* Exercise objective *
I need the lines below from the one with "Low section of man sitting on rock at river" down to the one with "Chessboard with wooden" reproduced exactly, both ends included, and nothing else.

Short descriptive text snippets
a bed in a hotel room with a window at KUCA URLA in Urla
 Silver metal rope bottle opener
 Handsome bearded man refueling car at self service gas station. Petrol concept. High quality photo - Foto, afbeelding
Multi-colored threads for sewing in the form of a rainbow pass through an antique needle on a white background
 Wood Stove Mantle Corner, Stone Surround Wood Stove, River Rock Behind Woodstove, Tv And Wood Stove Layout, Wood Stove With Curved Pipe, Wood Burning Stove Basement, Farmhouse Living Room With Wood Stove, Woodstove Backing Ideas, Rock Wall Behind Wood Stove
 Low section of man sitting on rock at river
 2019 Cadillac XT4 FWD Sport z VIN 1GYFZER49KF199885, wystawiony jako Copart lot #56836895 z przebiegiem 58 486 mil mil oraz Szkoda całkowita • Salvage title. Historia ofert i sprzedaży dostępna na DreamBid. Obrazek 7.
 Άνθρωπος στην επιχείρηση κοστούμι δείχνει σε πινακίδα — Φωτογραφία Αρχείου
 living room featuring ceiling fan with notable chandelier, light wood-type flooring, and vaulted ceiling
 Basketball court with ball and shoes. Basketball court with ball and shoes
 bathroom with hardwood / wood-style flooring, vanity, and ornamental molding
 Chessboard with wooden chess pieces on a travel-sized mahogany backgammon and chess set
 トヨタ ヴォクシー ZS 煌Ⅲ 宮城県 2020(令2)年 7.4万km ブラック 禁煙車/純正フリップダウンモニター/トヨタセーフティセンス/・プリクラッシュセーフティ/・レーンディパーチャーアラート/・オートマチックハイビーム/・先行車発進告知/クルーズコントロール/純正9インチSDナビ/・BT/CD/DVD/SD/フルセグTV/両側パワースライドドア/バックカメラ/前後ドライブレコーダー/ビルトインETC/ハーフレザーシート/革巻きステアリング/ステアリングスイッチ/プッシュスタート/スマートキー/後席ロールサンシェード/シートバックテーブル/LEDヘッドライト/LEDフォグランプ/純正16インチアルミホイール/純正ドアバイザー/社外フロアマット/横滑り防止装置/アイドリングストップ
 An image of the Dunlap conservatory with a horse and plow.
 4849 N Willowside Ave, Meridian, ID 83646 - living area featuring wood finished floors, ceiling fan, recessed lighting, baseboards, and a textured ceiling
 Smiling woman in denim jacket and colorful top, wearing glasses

* Finished exercise *
 Low section of man sitting on rock at river
 2019 Cadillac XT4 FWD Sport z VIN 1GYFZER49KF199885, wystawiony jako Copart lot #56836895 z przebiegiem 58 486 mil mil oraz Szkoda całkowita • Salvage title. Historia ofert i sprzedaży dostępna na DreamBid. Obrazek 7.
 Άνθρωπος στην επιχείρηση κοστούμι δείχνει σε πινακίδα — Φωτογραφία Αρχείου
 living room featuring ceiling fan with notable chandelier, light wood-type flooring, and vaulted ceiling
 Basketball court with ball and shoes. Basketball court with ball and shoes
 bathroom with hardwood / wood-style flooring, vanity, and ornamental molding
 Chessboard with wooden chess pieces on a travel-sized mahogany backgammon and chess set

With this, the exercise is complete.